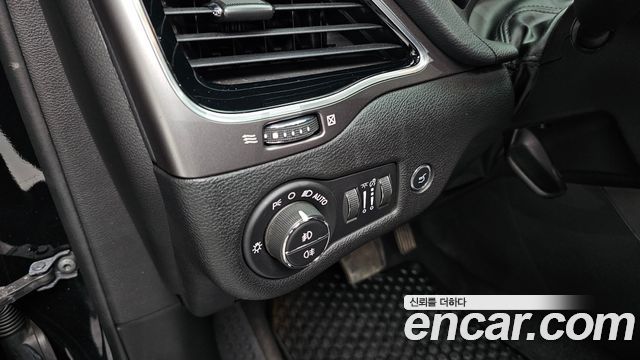 Jeep Cherokee 2021 — photo 27
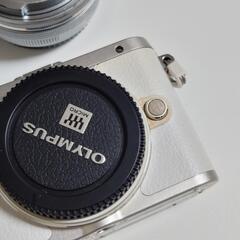 OLYMPUS PEN E-PL8 ミラーレスカメラ ホワイトの画像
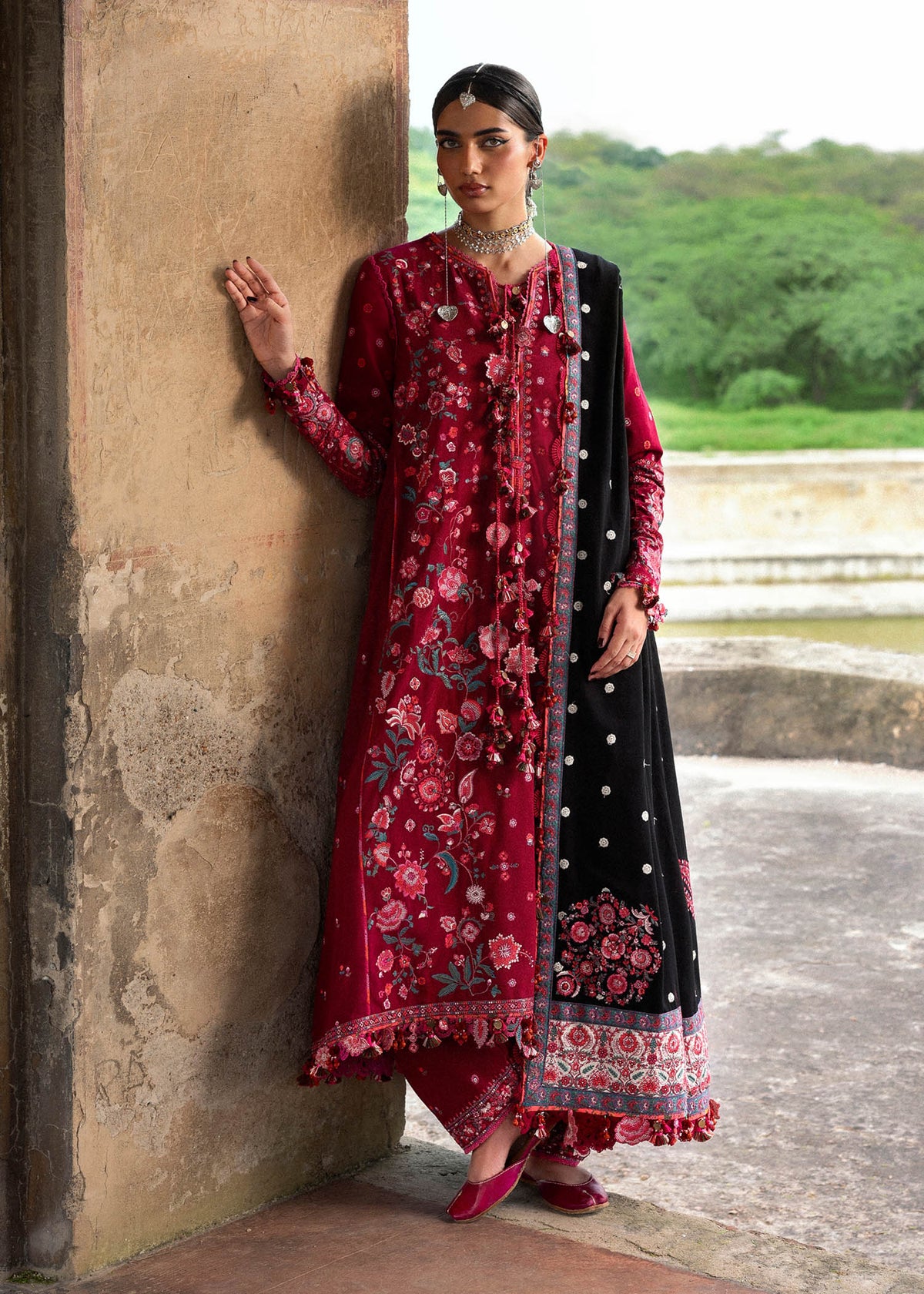 Hussain Rehar Karandi 2025 LEBAASONLINE Available on our website. We have exclusive variety of PAKISTANI DRESSES ONLINE. This wedding season get your unstitched or customized dresses from our PAKISTANI BOUTIQUE ONLINE. PAKISTANI DRESSES IN UK, USA, Lebaasonline at SALE price!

## Activity:
The data must be repeated exactly. Any pictures in it are to be left out.

## Answer to this problem:
 Jeep Cherokee 2021 — photo 27
 OLYMPUS PEN E-PL8 ミラーレスカメラ ホワイトの画像
 Hussain Rehar Karandi 2025 LEBAASONLINE Available on our website. We have exclusive variety of PAKISTANI DRESSES ONLINE. This wedding season get your unstitched or customized dresses from our PAKISTANI BOUTIQUE ONLINE. PAKISTANI DRESSES IN UK, USA, Lebaasonline at SALE price!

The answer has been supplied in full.